Puisque nous ne pouvons pas espérer être libérés de cet étau de la “censure préalable” qui frappe les médias sénégalais par notre Assemblée, “chambre d’applaudisseurs”, il ne reste plus que les forces vives de la Nation pour prendre en charge cette affaire- la presse en tête, bien évidemment, parce que personne ne fera son bonheur à sa place.
On espère bien que les journalistes et les démocrates de ce pays qui se respectent, n’attendront pas un siècle, voire les 5O ans que Pastef prévoit de rester au pouvoir, pour se sortir de ce piège.
Il est important de noter que la liberté de la presse n’a pas émergé du jour au lendemain en 1695. Des luttes et des débats ont continué à en jalonner le chemin.
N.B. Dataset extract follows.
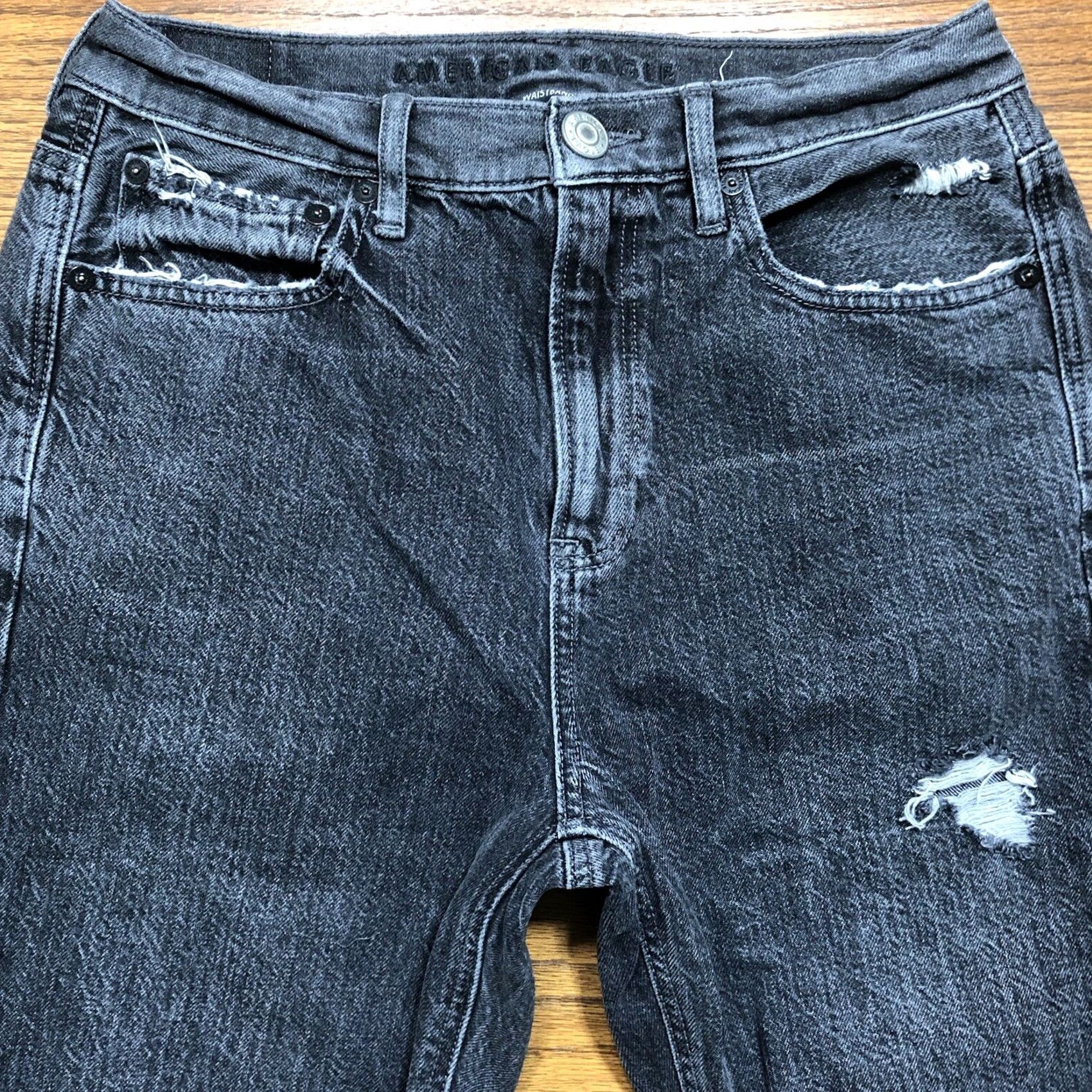 American Eagle Outfitters VINTAGE American Eagle Jeans Womens 2 Black 90s Flare Distressed Stretch Denim 28.5 Inseam Womens Size 26" / US 2 / IT 38 - 3 Thumbnail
Cependant, la non-reconduction du Licensing Act a symbolisé « un tournant majeur en supprimant le principal instrument légal de contrôle préalable de l’information ». Car si, ailleurs en Europe, à la même période, régnait plus généralement, notamment en France, un type de censure classique s’appuyant parfois sur la connivence entre les gazetiers et la royauté, l’Angleterre n’était pas l’unique pays où se pratiquait cette censure préventive brutale, inspirée par la “Mise à l’index”, apanage de l’Eglise catholique. Celle-ci, quand elle frappait un auteur, signait sa disparition de l’espace public.
Bien de grands esprits de l’époque ont fini ivrognes dans les tavernes, s’ils n’avaient pas été assassinés de la main d’un fanatique encouragé par le bannissement du « fautif » par l’autorité religieuse vénérée …
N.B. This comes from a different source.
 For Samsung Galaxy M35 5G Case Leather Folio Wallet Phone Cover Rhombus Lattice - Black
L’instrument de notre ministre de la Communication, lui, qu’il tient pour le compte de ses chefs politiques, ne se couvre même pas du manteau de la légalité ou de manœuvres souterraines, c’est le poids de la main de fer autoritaire qui s’abat sur la presse. En certains de ses aspects, il se rapproche plus de la “Mise à l’index” religieuse que du Licensing Act. C’est le cas par exemple, avec notre consœur Aïssatou Diop Fall, journaliste sortie du Cesti, et qui a fait ses premières armes dans l’un des plus grands et plus anciens groupes de presse du pays – on peut lui reprocher ce qu’on veut, ça personne ne peut le lui enlever. Elle est mise à l’index, bannie de la presse, bien évidemment pour ses prises de position éditoriales jugées politiques.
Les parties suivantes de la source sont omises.